**Work task**
The answer must be an exact printing of every record below, with the pictures omitted.

Captioned web image data

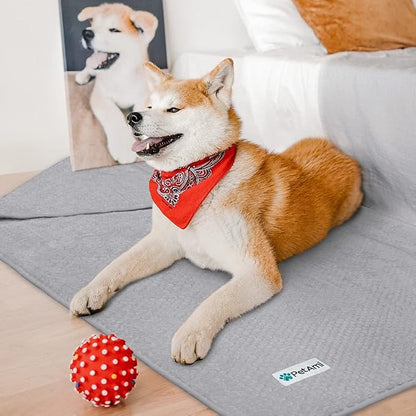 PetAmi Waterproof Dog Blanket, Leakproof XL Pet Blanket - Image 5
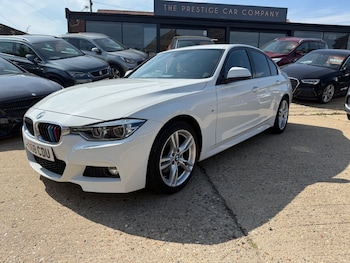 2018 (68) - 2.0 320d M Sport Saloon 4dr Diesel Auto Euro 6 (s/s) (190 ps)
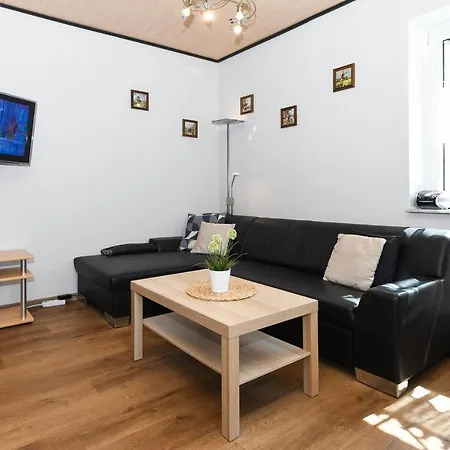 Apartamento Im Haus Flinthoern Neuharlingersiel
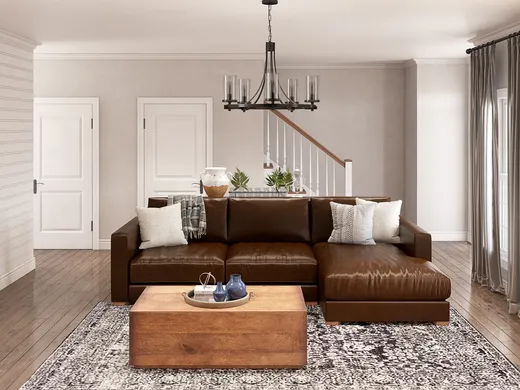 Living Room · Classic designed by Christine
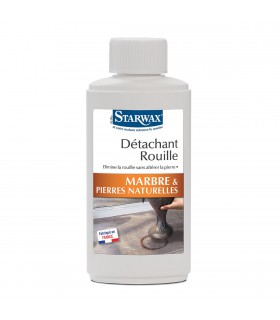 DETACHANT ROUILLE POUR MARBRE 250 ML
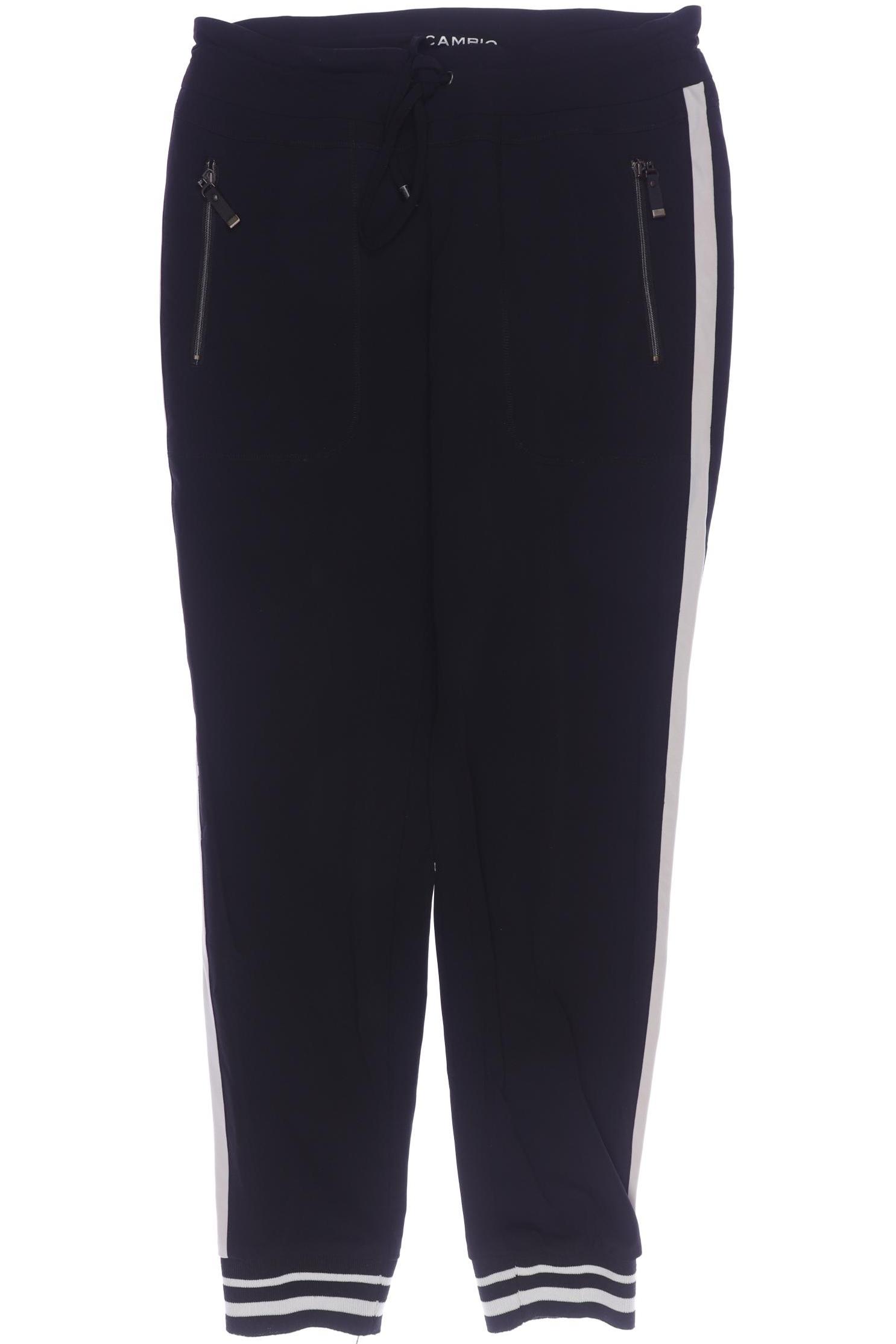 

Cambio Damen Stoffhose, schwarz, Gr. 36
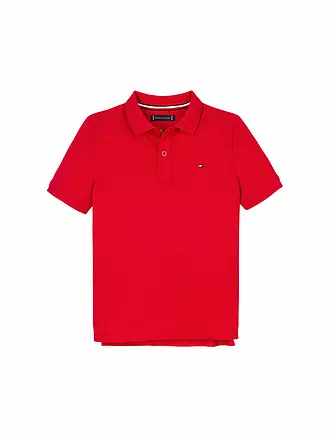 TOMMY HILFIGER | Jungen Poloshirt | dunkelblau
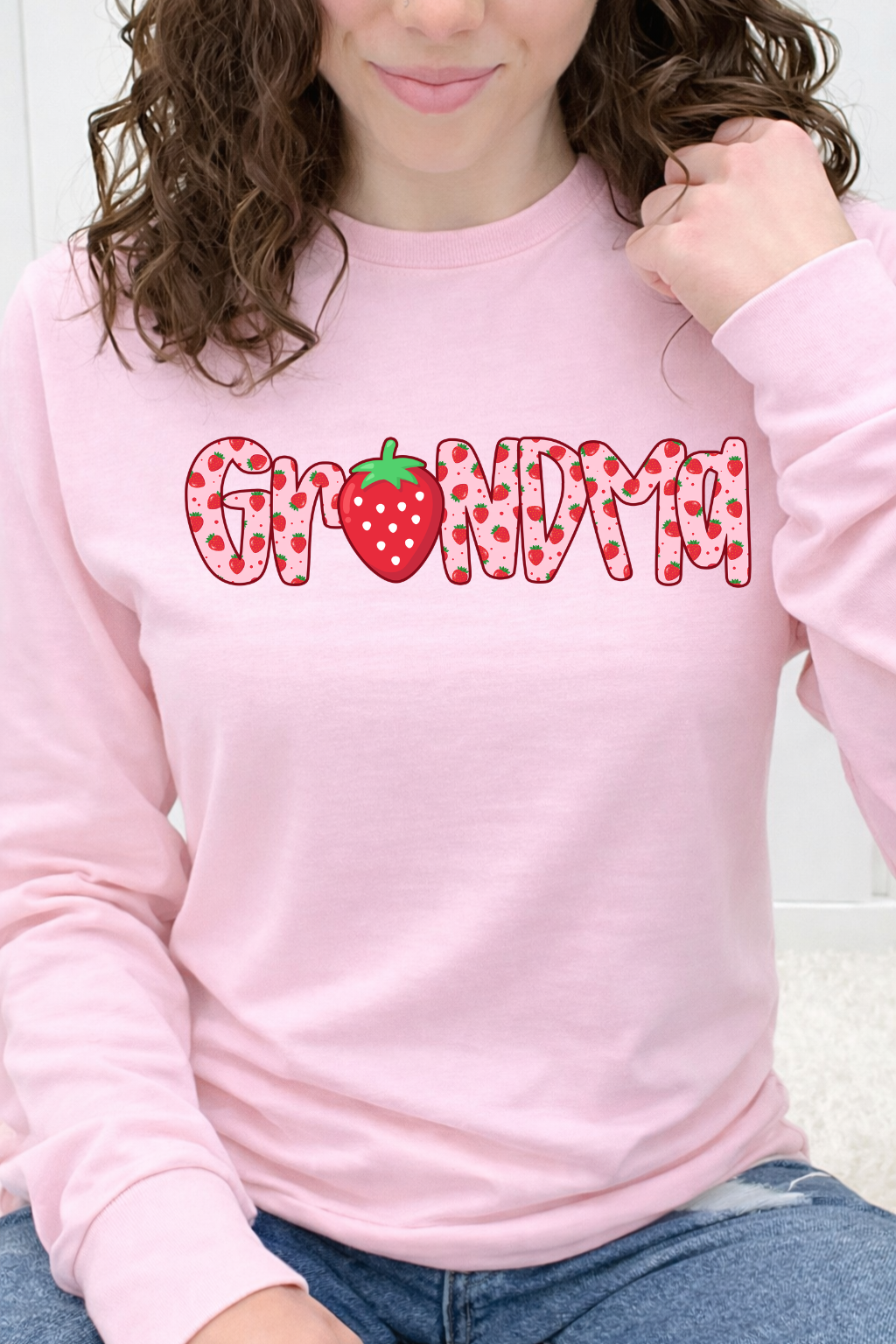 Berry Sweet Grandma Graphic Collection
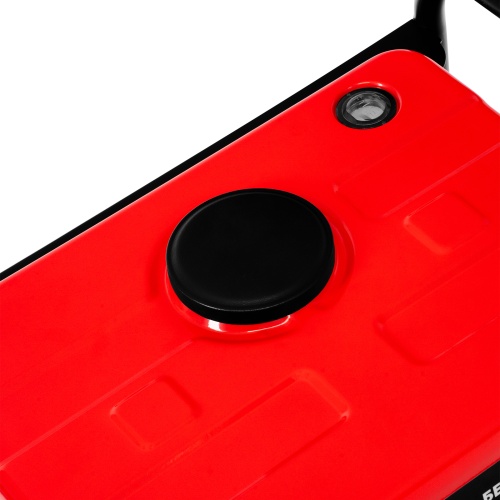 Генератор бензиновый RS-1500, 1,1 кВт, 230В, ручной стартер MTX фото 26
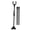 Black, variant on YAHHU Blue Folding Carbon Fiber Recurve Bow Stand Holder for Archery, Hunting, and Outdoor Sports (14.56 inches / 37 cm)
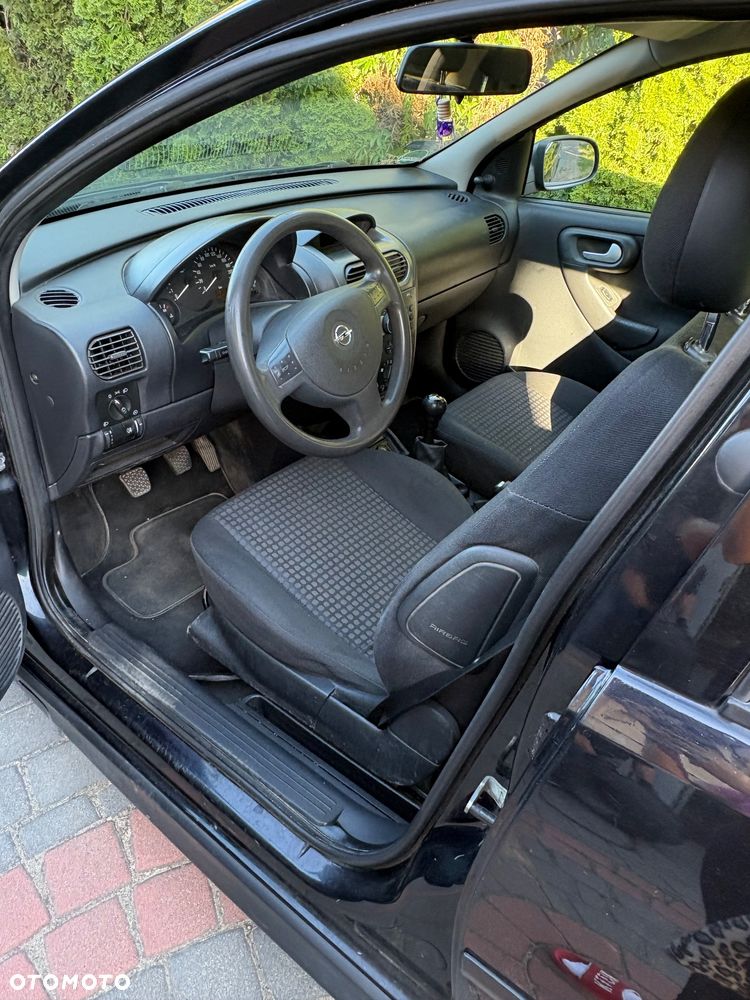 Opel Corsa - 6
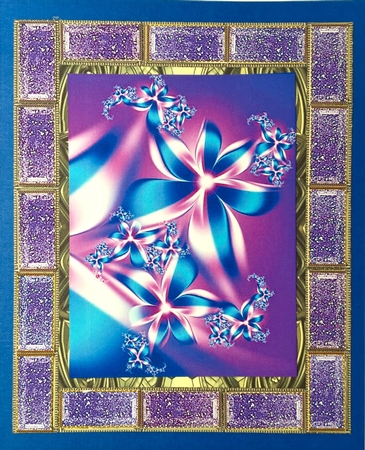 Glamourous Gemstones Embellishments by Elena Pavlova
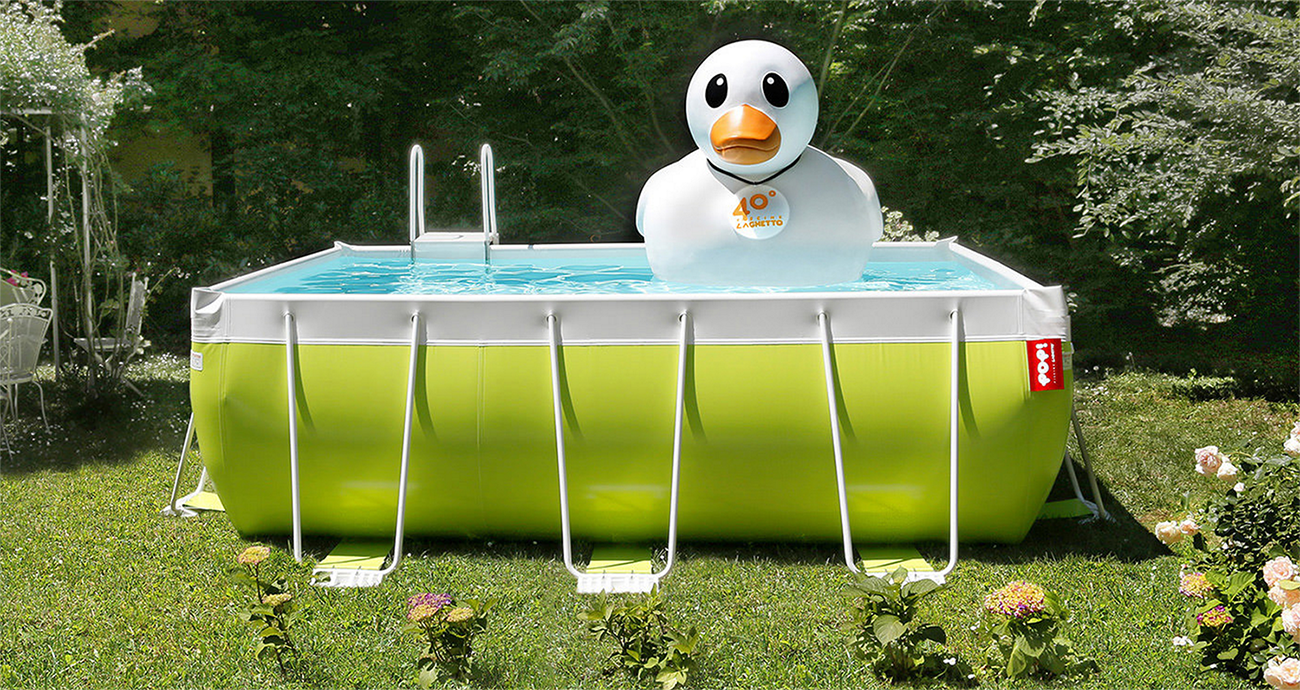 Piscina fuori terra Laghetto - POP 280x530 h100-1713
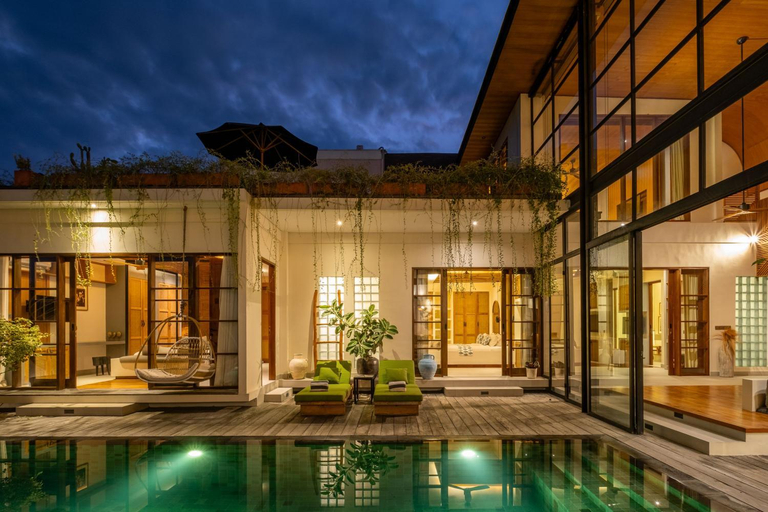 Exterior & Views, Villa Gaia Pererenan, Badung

**Problem solution**
 PetAmi Waterproof Dog Blanket, Leakproof XL Pet Blanket - Image 5
 2018 (68) - 2.0 320d M Sport Saloon 4dr Diesel Auto Euro 6 (s/s) (190 ps)
 Apartamento Im Haus Flinthoern Neuharlingersiel
 Living Room · Classic designed by Christine
 DETACHANT ROUILLE POUR MARBRE 250 ML

Cambio Damen Stoffhose, schwarz, Gr. 36
 TOMMY HILFIGER | Jungen Poloshirt | dunkelblau
 Berry Sweet Grandma Graphic Collection
 Генератор бензиновый RS-1500, 1,1 кВт, 230В, ручной стартер MTX фото 26
 Black, variant on YAHHU Blue Folding Carbon Fiber Recurve Bow Stand Holder for Archery, Hunting, and Outdoor Sports (14.56 inches / 37 cm)
 Opel Corsa - 6
 Glamourous Gemstones Embellishments by Elena Pavlova
 Piscina fuori terra Laghetto - POP 280x530 h100-1713
 Exterior & Views, Villa Gaia Pererenan, Badung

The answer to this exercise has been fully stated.